Don’t hate the player – hate the game! With the relocation of many production facilities abroad in the early 1980s and the fact that Company A acquired Companies B, C, and D, and thanks to new technologies, companies suddenly could produce more goods in the same or even less time. This, in turn, led to lower prices and the ability to offer even more. The consumer party started and continues to this day. Therefore, we now refer to it as a buyer's market. The supply is greater than the demand. This market saturation led to total sensory overload and elevated the customer to the next level, that of the emperor. Today, the customer alone decides where, when, and even at what price to buy. The internet has made this marketplace even more colorful and significantly amplified the effect. Despite full closets, you can still hear from some bedrooms: "Honey, I have nothing to wear." Meanwhile, in the executive suites of companies, alarm bells are ringing. Market share and revenues are declining, competition is copying cheaper and faster, and customers are buying online with a click of a mouse. Somewhere. Just not with us, as recently reported even in the Swiss tabloid newspaper BLICK. Headline: "How retailers protect themselves from consultation thieves!" The fact that companies themselves sowed the seeds for this predicament and watered them generously is, of course, ignored. Don’t hate the player – hate the game!

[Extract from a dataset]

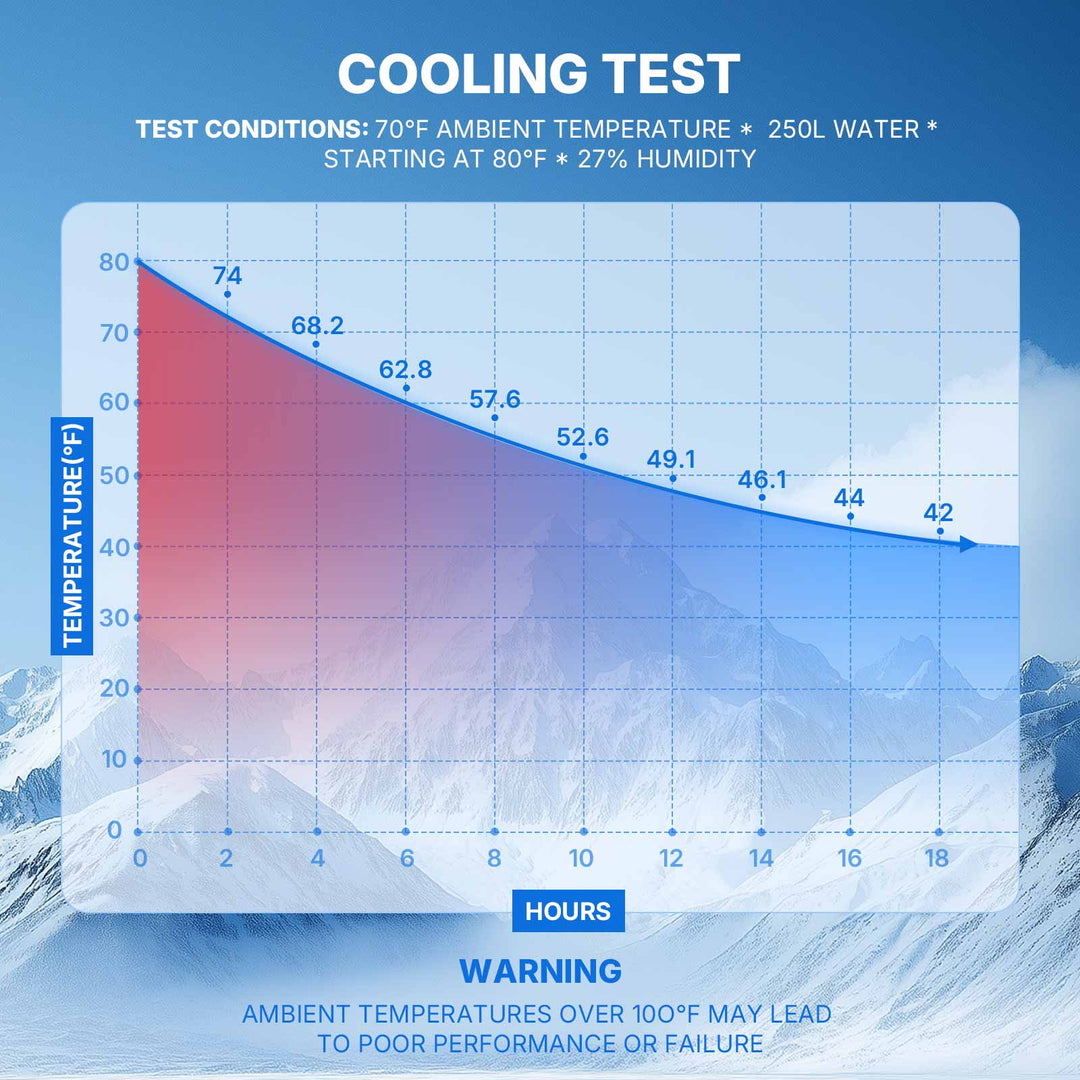 cold plunge chiller cooling test at plunge chill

The 6 Pillars for Successful Sales Well, when you're up to your neck in water, you shouldn't hang your head. A complete overhaul and training of the sales staff are needed! The companies' desire to go "back to the roots," focusing on the old school of sales and putting people at the center, has become a highly complex process. The keyword is: building trust. Find online, bind offline – that's the motto. In order to aim for a long-term, sustainable solution, a clear assessment of various departments is needed because the often-requested two-day sales training on closing techniques does not bring the desired long-term success. But what is actually needed? The following 6 pillars are necessary for today's sales to actually work. Companies need: 1. A product/service with a clear benefit and added value for customers 2. Clarity about their own values, target audience(s), and positioning 3. internal guidelines, processes, and IT tools 4. consistent communication across all channels, online and offline 5. sales personalities with the right mindset 6. salespeople with sales skills. Decisive (or enthusiastic) leaders are needed for points 1–4. The better the groundwork is done, the easier it is for salespeople in the market. But they also need to change their mindset. They need to understand that today's challenges are significantly greater, but the internet also offers new opportunities. They must stop complaining about things (points 1-4) that they can only partially influence. Instead, good salespeople recognize that they should work on improving their sales personality and sales techniques because they can consciously change them from one day to the next. Exemplary companies support these two pillars by raising awareness and training their salespeople on the topic, whether internally or externally.